I hope you had a wonderful Thanksgiving…whether you were a host or guest. Here is a postmortem with photos of and comments on my Thanksgiving — our first Thanksgiving at home in some years. Our final menu.

 

As guests arrive
Champagne with Cranberries
Anniversary Tangerine Kumquat Martini

Hors d’oeuvres
Noah’s Tuna Tartare “Taco”
Larry’s Gougeres

Venison Pate with Quince Relish
Brandied Chicken Liver & Bacon Pate

Amazing Acres Farm Chevre with Chives
Robiola and Camembert
Larry’s Pear, Cranberry & Blood Orange Mostarda

Kohlrabi & French Radishes with Sea Salt
Pickled Okra & Watermelon Radish

Dinner
Roast Turkey
Larry’s Fennel Stuffing
Traditional Bread Stuffing — Gluten Free
Tarragon Gravy
Larry’s Traditional Cranberry Mold with Grapa

Larry’s Green Bean, Mushroom & Corn Casserole
Stir-fried Shaved Brussels Sprouts
Gracie’s Bourbon Sweet Potatoes
Noah’s Mac ‘n Cheese

2006 Chardonnay & 2004 VSP
J.Maki Winery, Elverson PA

Dessert
Ginny’s Pecan Pie
Ginny’s Pumpkin Pie
Chestnut Ice Cream

 

So, how did it go?
Mixed. My Wednesday decision to appear on Fox 29’s Good Day Philadelphia on the day after Thanksgiving added an element of stress and a load of additional work that made this Thanksgiving less fun than ideal.

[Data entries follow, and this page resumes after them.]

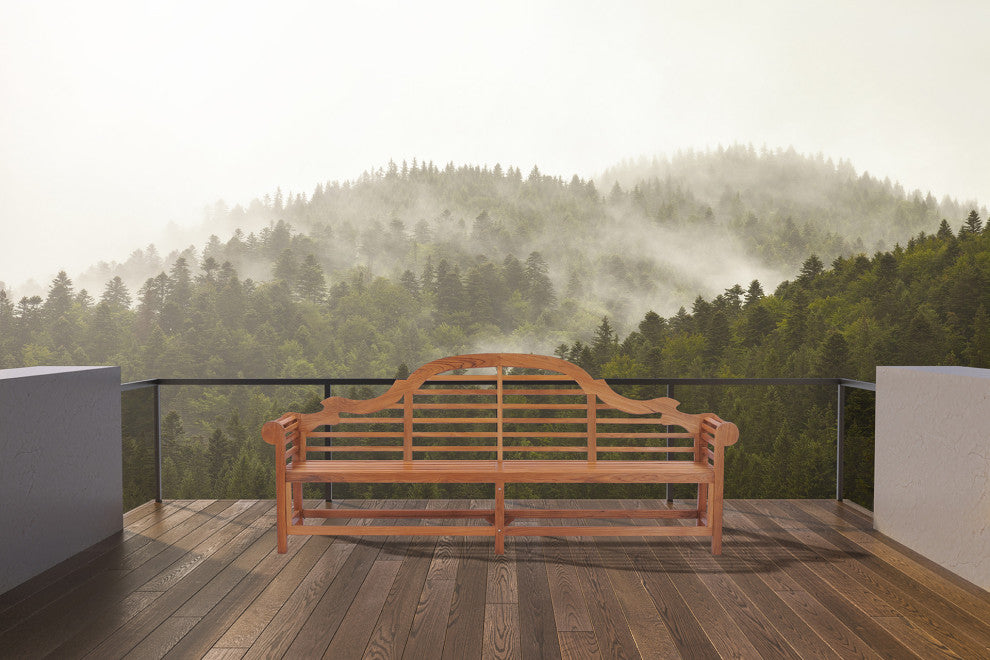Teak Wood Lutyens Quadruple Outdoor Patio Bench, 8 Foot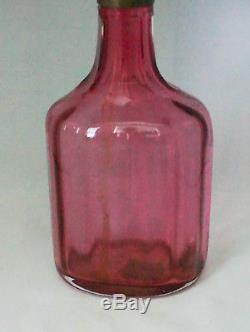 Lovely Victorian Moser Cranberry Art Glass Liquor Decanter Sn Austria Blown Cut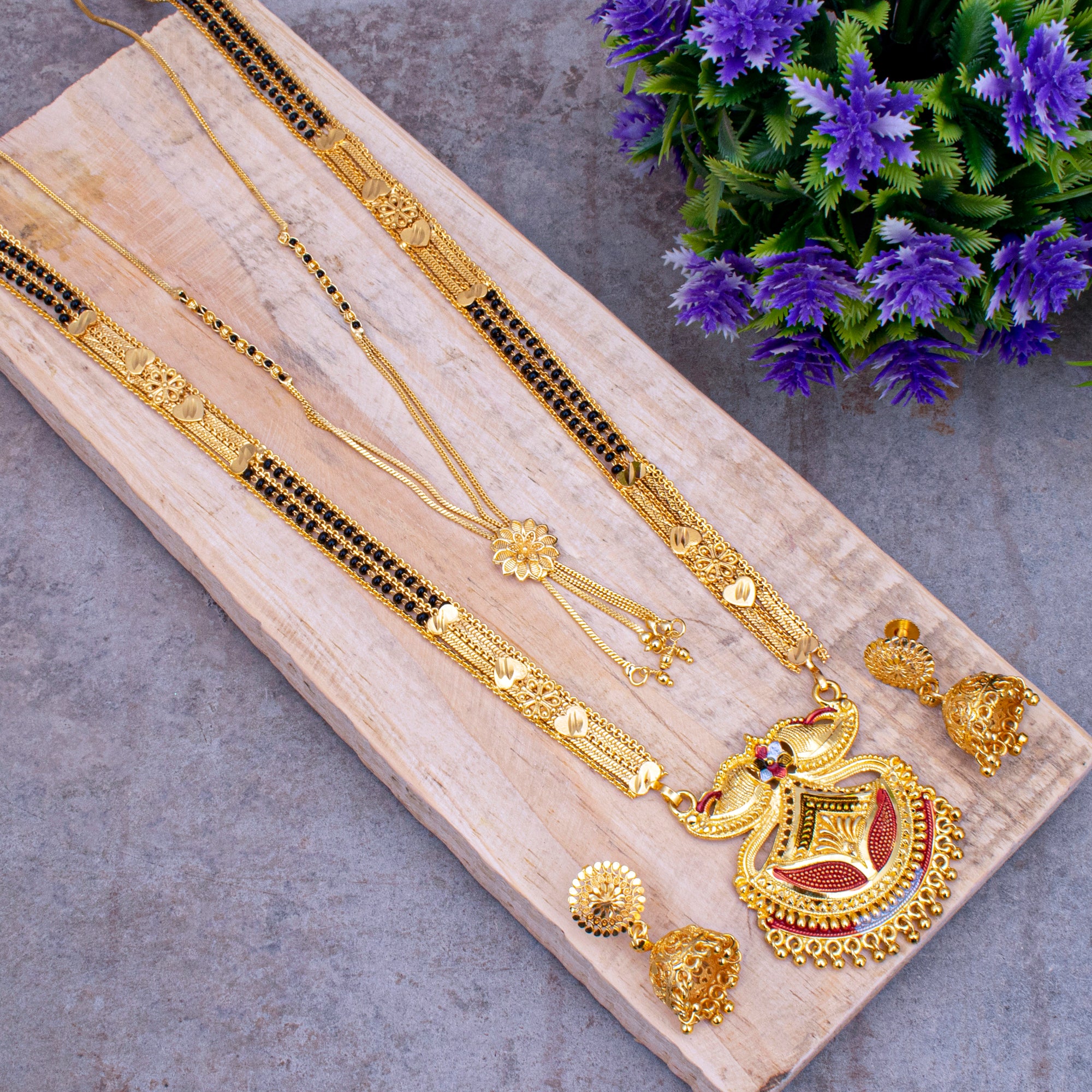 Gold Plated AD Stone Pendant Mangalsutra Necklace with Earring Set - K –  Kaya Online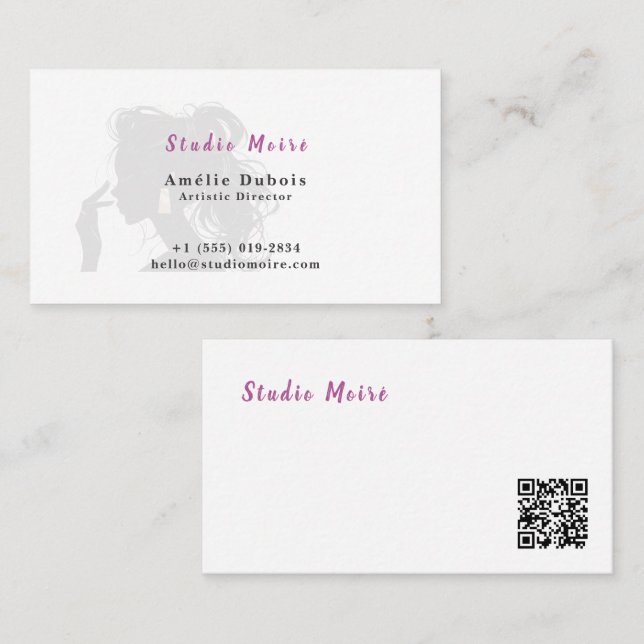 Carte De Visite Minimalist Subtle Luxury Salon QR Code (Devant / Derrière)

The subject of my Fox 29 appearance, two four minute spots in the 8 AM and 9 AM hours, was Thanksgiving Leftovers. Now I don’t know about you, but I don’t know how to wing these things. They may appear quite casual to the casual viewer, but when you’re “the talent” there is nothing casual about being carefully prepared. My plan was to “make” Turkey Chowder in the first segment. I say “make” because there is nothing to cook on so you’re just dumping ingredients into a cold pot — including a stick of butter and being very animated and descriptive about what would be happening if there actually was a source of heat. Fortunately, At Home already had a recipe for Turkey Chowder. In the second segment my plan was to put together a Turkey Salad with Cranberry Mayonnaise and Pecans. I had no recipe for this and I needed to get the recipes to Fox 29 to put up on their website and show. I could not do this on Thanksgiving Day so I had to spend time Wednesday evening figuring out this recipe. Oh, except I had no leftover turkey to make the salad so I had to figure out the recipe sans turkey — and factor the turkey into the recipe. See Thanksgiving Leftovers post for these recipes.

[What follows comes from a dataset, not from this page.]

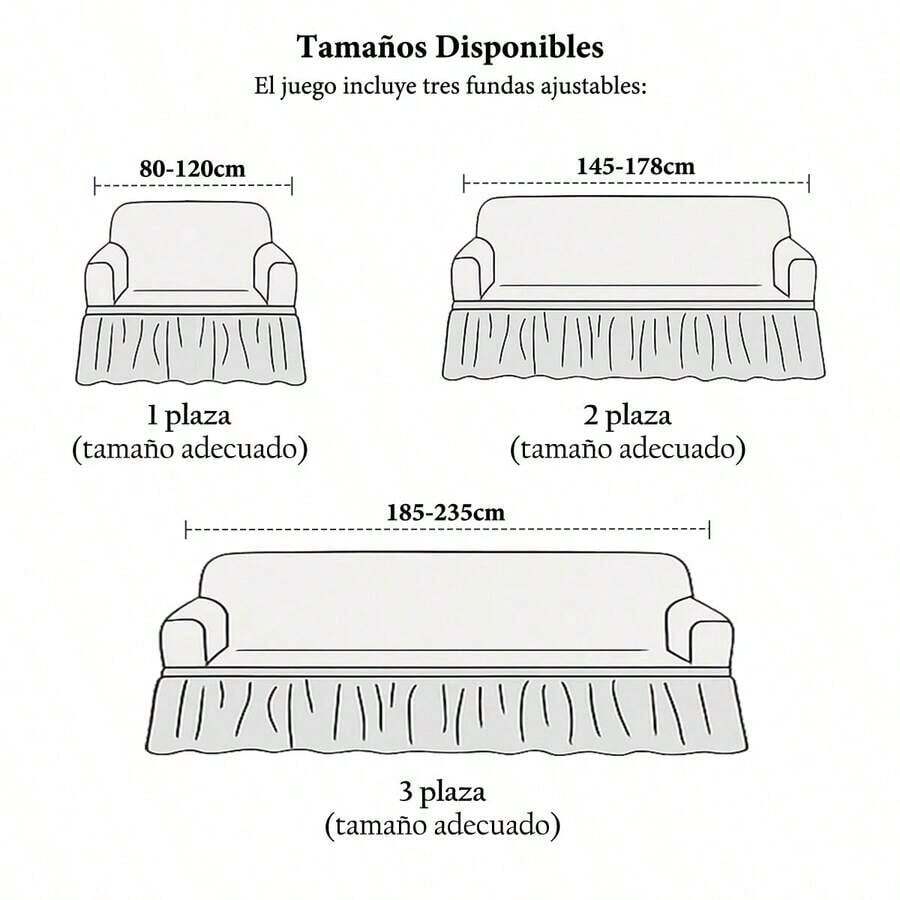 Fundas para Sofá de Tela de Maíz con Falda Elegante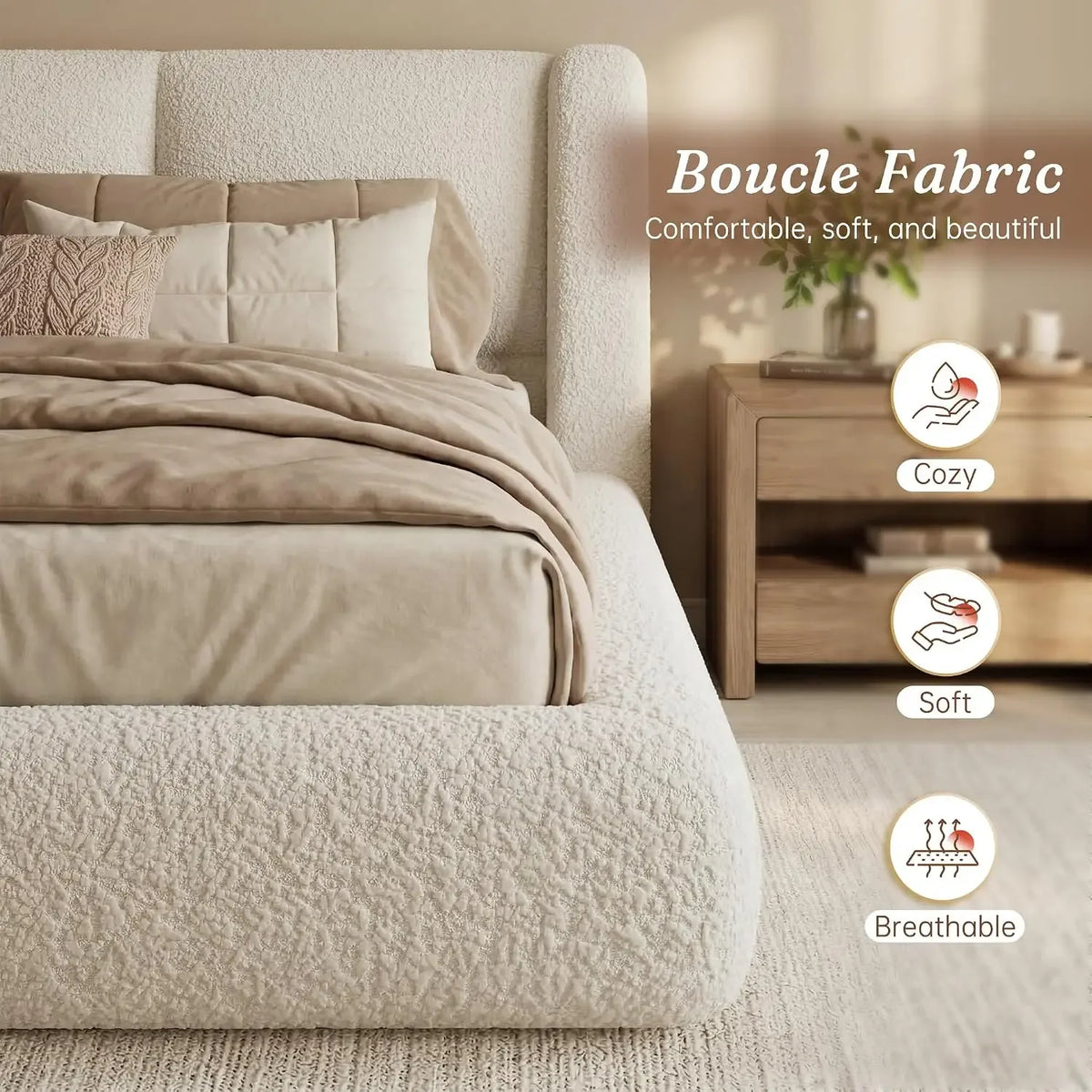 Queen Size Cloud Bed Frame Anti Slip Bottom Noise Free Soft Corner Easy Assembly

After guests left and a reasonable amount of clean-up was completed, I started the turkey stock with my leftover turkey carcass on the way to making the soup. You see, I needed a finished chowder for the Fox 29 anchors to taste. But I also needed a turkey carcass as a prop for the show and I had only one carcass. A call to my Frog Commissary staff who were at Ronald McDonald House serving Thanksgiving dinner provided the additional carcass! I also had to prepare all of the ingredients for both recipes in those little individual bowls that recipe demonstrators use. Oh, I also had to complete my Thanksgiving Leftover blog and post it so that Fox could link back to my blog. So, I was up until about 11 PM getting ready for my Friday AM appearance. That would not be so bad except I was pretty tired hours earlier — weren’t you? — and I had to get up about 5:45 AM to be at Fox 29 at 7 AM. Like I said, a less fun than ideal.

Click here to see the Fox 29 Good Day Philadelphia segments.

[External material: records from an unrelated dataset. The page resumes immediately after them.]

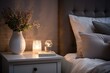 Nighttime ambiance in bedroom with elegant bedside lamp and Scandinavian decor. Generative AI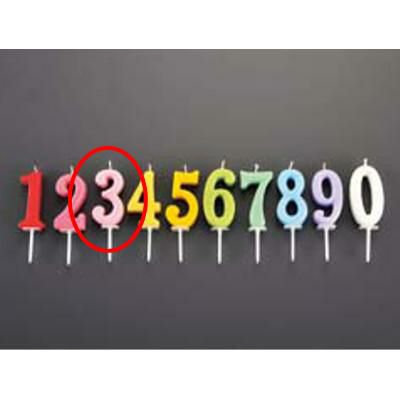 ナンバー キャンドル パステル(10入) 3番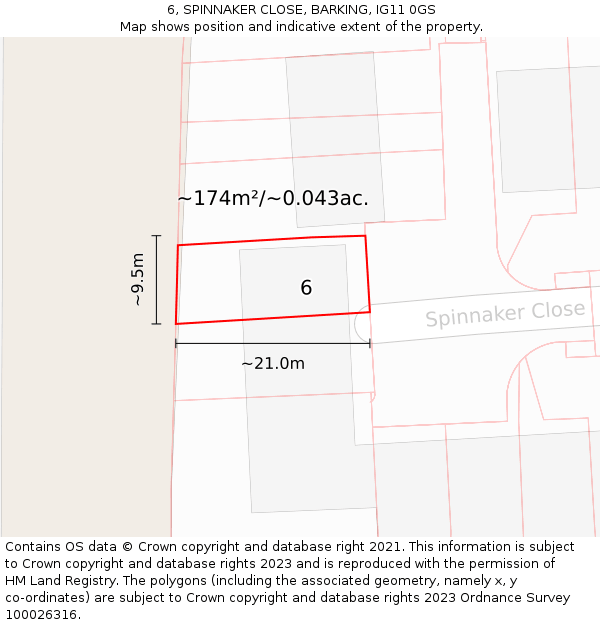 6, SPINNAKER CLOSE, BARKING, IG11 0GS: Plot and title map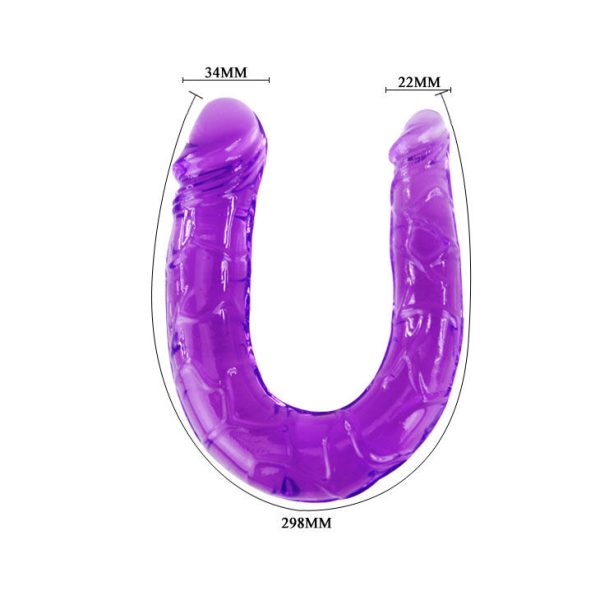 DILDO DOBLE EN JALEA FLEXIBLE LILA - Imagen 4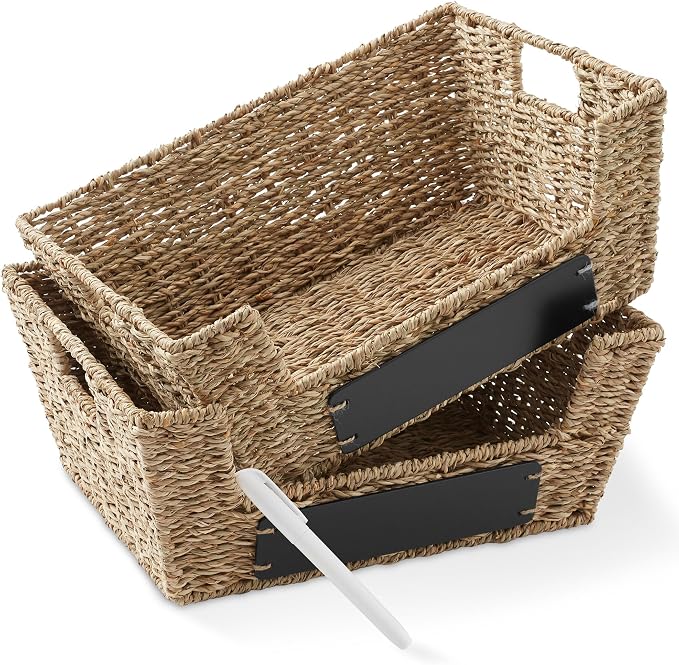 Casafield Set of 2 Seagrass Pantry Baskets with Handles, Chalkboard Labels and Marker - Natural, Wide Woven Storage Bin Organizers for Kitchen Shelves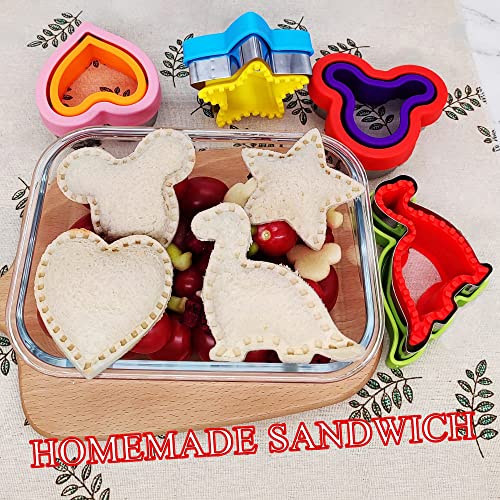 Sandwich Cutter and Sealer Decruster Fruit Vegetable Cutter Shapes Cookie Cutters Sandwich Mold Great for Kids Lunch Lunchbox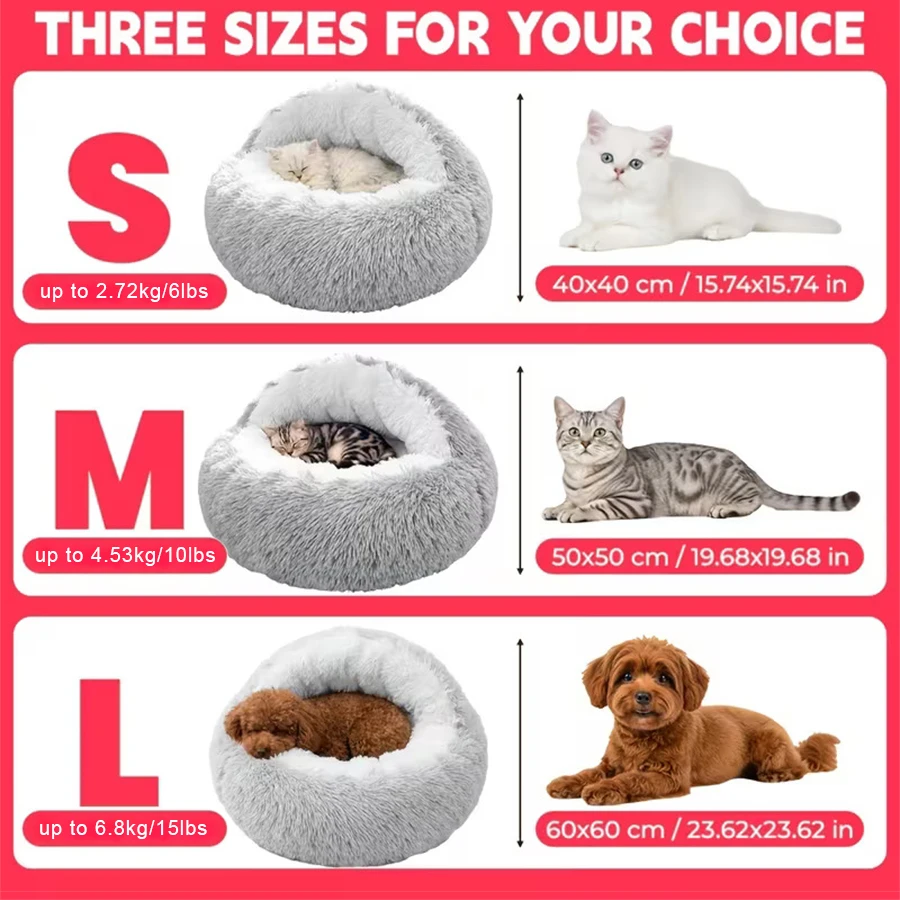 Cama Toca para Gatos e Cães Pequenos de Pelúcia 40x40 cm - Imagem 6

What follows are photos and commentary on my Thanksgiving.

Christina set the table mostly on Wednesday evening with some finishing touches on Thursday.

I did flowers on Wednesday afternoon and finished the little bit of prep work that remained for Thursday. Rather than a single “centerpiece,” I did three smaller arrangements spread across the table — fit better than a single centerpiece and spread the flowers my equitably.

Cocktail glasses were set-out along with our red dinner wine. The white wine was sitting outdoors on a chilly day that was thankfully close to refrigerator temperature. David, who was helping us, suggested that the red spend some time cooling– an excellent suggestion as people generally serve red wine too warm. Red wine should certainly not be served chilled, but something cooler than room temperature is ideal. Our wines were from the J. Maki Winery in Elverson, Pennsylvania in Northern Chester County. I discovered J.Maki — along with their neighbor Amazing Acres Goat Cheese — on one of my farm stand journeys and both have proved to be great finds. Our “house cocktails” included the Tangerine-Kumquat Martini we served at our wedding two years ago and the Champagne with Cranberry from At Home.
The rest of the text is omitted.